## SUPPLIED RECORDS
········

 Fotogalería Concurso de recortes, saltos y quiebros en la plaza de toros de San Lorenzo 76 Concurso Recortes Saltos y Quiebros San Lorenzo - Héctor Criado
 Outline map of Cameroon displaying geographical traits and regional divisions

········

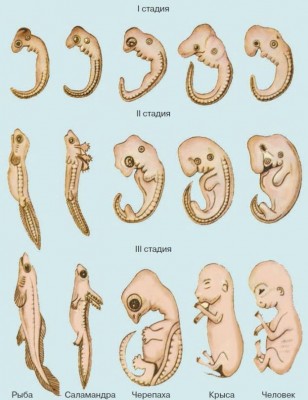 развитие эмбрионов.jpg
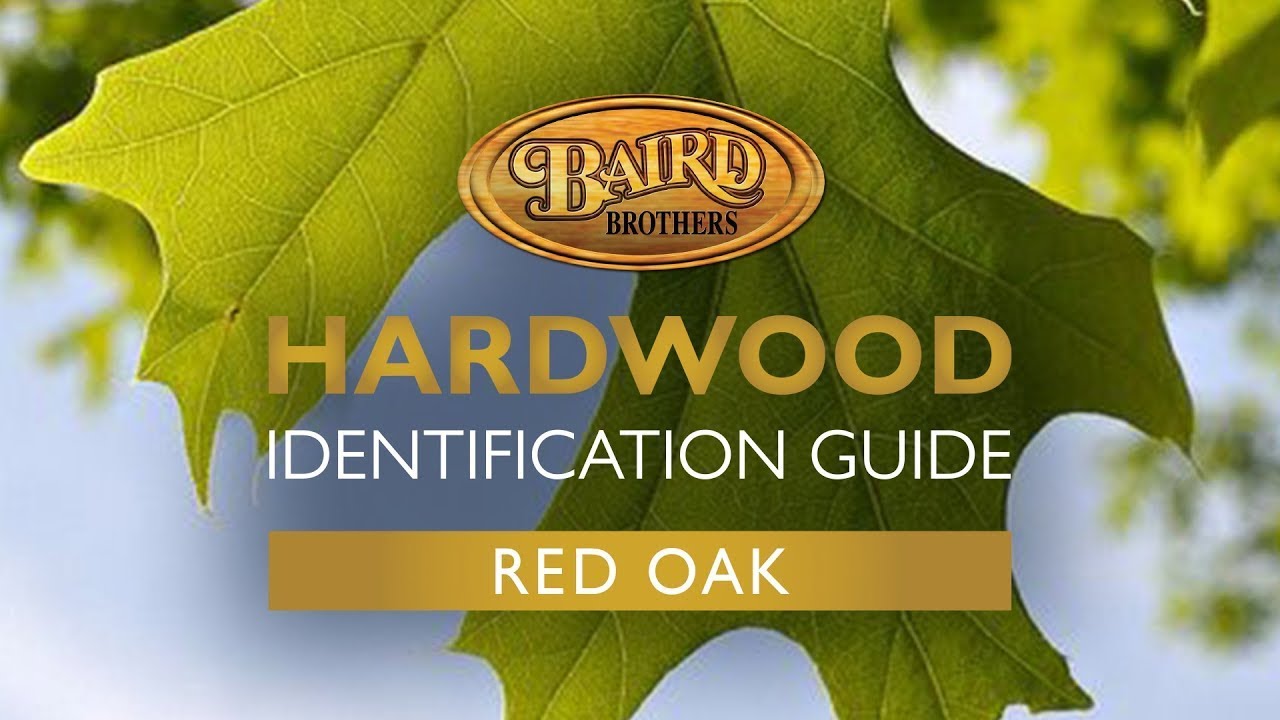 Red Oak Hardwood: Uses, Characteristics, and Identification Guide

········

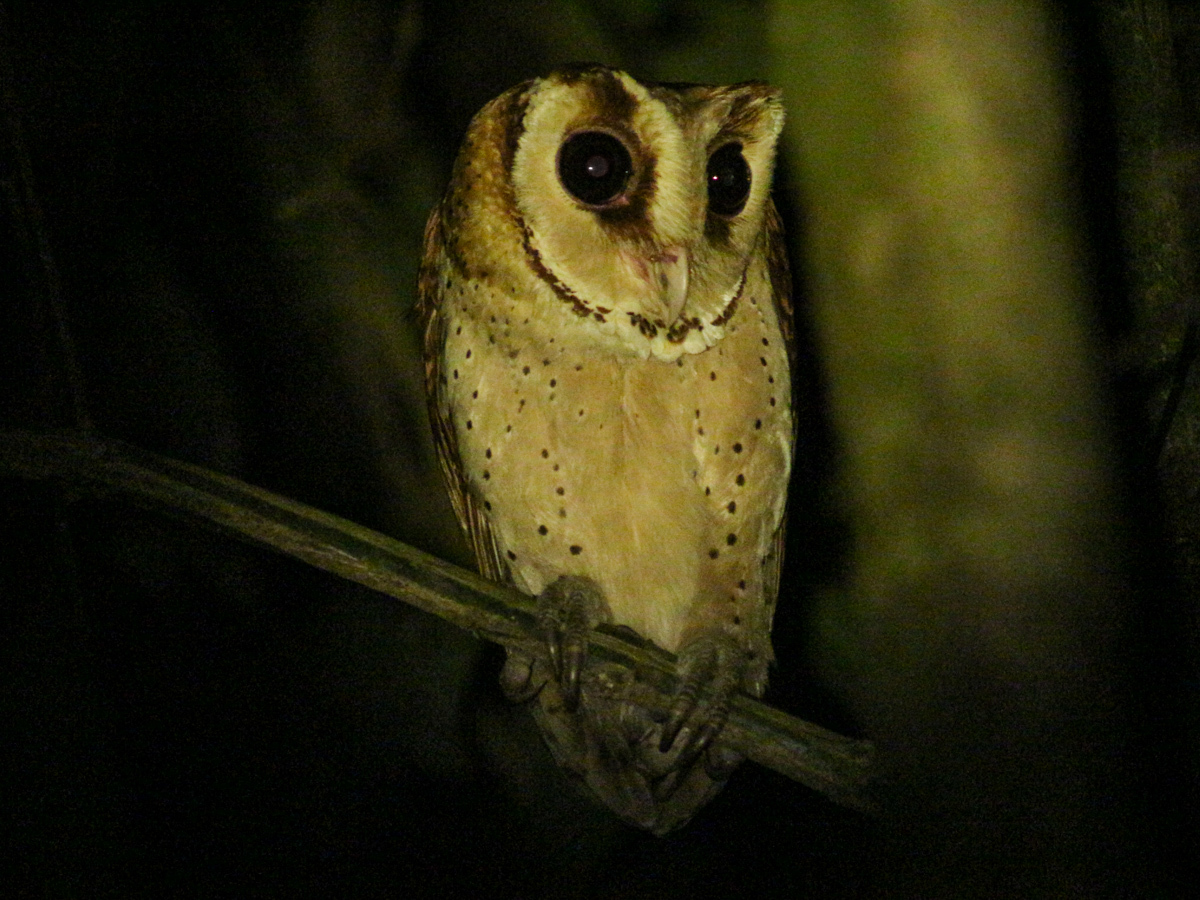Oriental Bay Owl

········

## TASK
Working from the data above, repeat exactly, and only, the lines that begin at the line containing "развитие эмбрионов.jpg" and stop after the line containing "Red Oak Hardwood: Uses, Characteristics, and"; pictures are not copied.

## ANSWER SPACE
 развитие эмбрионов.jpg
 Red Oak Hardwood: Uses, Characteristics, and Identification Guide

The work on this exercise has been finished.